After 4½ hours of mind-numbing minutia about the proposed annual budget, some members of the Key Biscayne Village Council threatened to unravel the plan literally at the 11th hour on Wednesday night.
As the clock neared 11 p.m, Mayor Joe Rasco said he wanted to soften the proposed 9.9% average tax increase, without identifying any specific cuts in the $41.5 million budget Council Member Ed London asked for millions to be stripped from the current proposal.
Many of the objections brought up by council members appeared performative since the issues had been discussed for months in workshops and privately with Village staff. The move demanding tax reductions came even though no resident asked for spending cuts during public comments.
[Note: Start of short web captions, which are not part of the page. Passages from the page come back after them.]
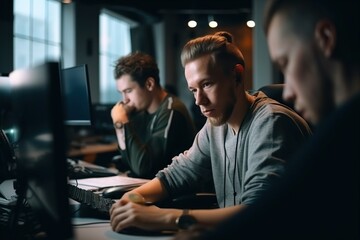 A Group Of Men Sitting At A Table Working On Computers In A Dark Room Workshop Advertising Photography Music Production
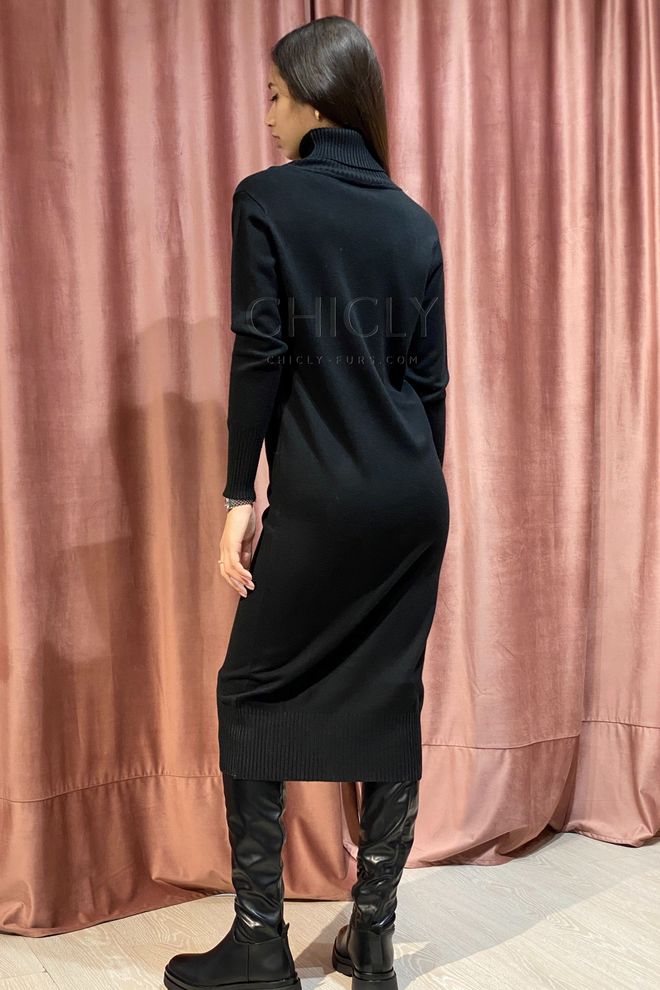 Платье трикотажное длинное (черный)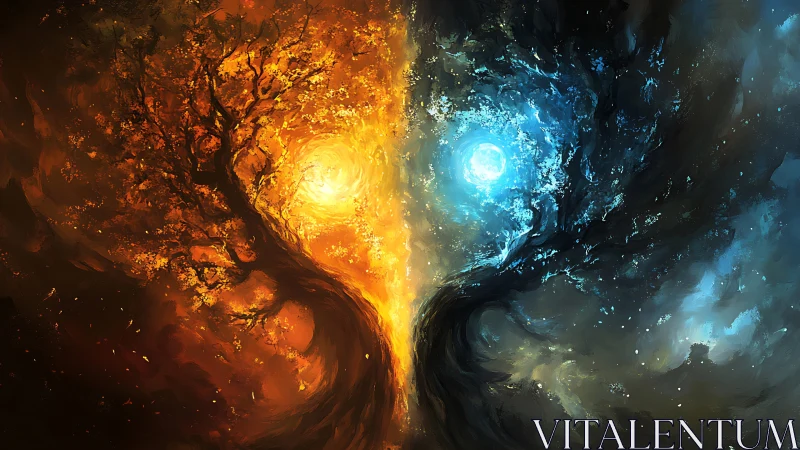 Dual elemental trees merge fire and ice in cosmic vortex.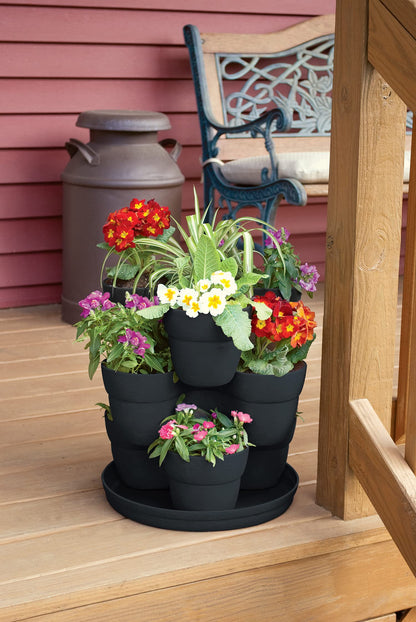 Bloomers Stackable Flower Tower Planter – Holds up to 9 Plants – Great Both Indoors and Outdoors – Charcoal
The Council passed – with only London voting no – manager Steve Williamson’s 2023-2024 fiscal year budget as it is on first reading. It also approved the proposed property rate – nearly identical to last fiscal year. But while the rate is the same, taxes on non-homesteaded residents and commercial properties would rise sharply because property values soared 9.7%.
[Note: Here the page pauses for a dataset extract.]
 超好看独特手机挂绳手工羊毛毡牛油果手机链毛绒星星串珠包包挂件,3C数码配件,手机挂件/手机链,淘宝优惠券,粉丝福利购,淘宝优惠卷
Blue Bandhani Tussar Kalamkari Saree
Homesteaded owners would see a modest 3% tax increase, far below the rate of inflation –consumer prices are up 7.8 percent over the 12 months ending in August. The nature of the property tax system shifts the burden onto renters and commercial property owners.
But Rasco directed Williamson to create budget proposals for the next Sept. 26 budget meeting that consider lower rates. He wanted the council to lower the rate on the spot, but Vice Mayor Frank Caplan pushed back.
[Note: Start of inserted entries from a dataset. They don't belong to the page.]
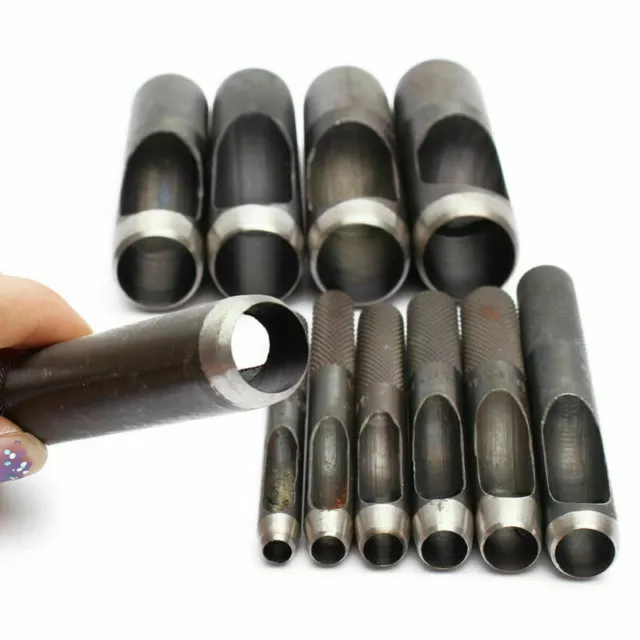 Round Hollow Punch Set Hand Tools Hole Punching Leather Gasket CARBON Steel 2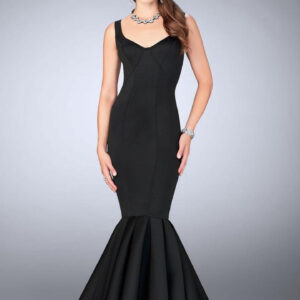 Black Cutout Open Back Mermaid Evening Gown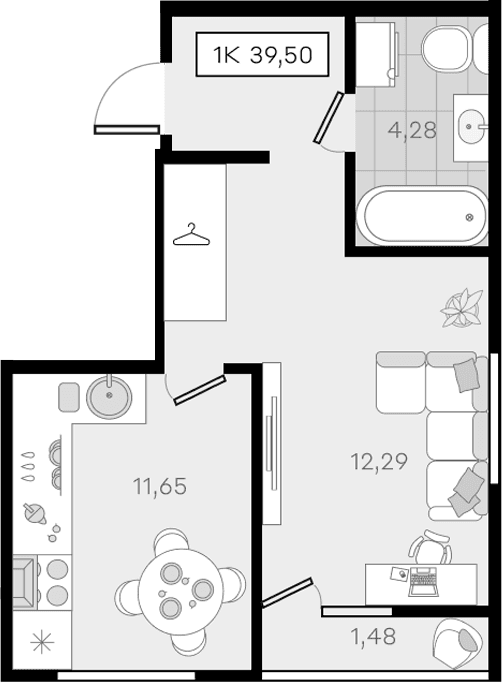 Продается 1-комн. квартира, 38.02 м²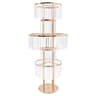 Gold Silver Wedding Flower Stand Centerpiece With Hanging Acrylic Vases 8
“On the basis of the premise that we’ll change our mind and do it two weeks from now seems reckless to me,” Caplan said.
Key Biscayne holds the distinction of having the lowest tax rate in Miami-Dade County – a household average income of $245,000 and a medium home price of $1.5 million, an island paradise that sports amenities most municipalities would envy.
The tax rate is based on millage – the assessment for each $1,000 of property value. Williamson’s proposed budget is based on a 3.16 millage. A change of even a tenth of a percentage point can mean some program, some position is not getting funded, unless the income is made up in some other way.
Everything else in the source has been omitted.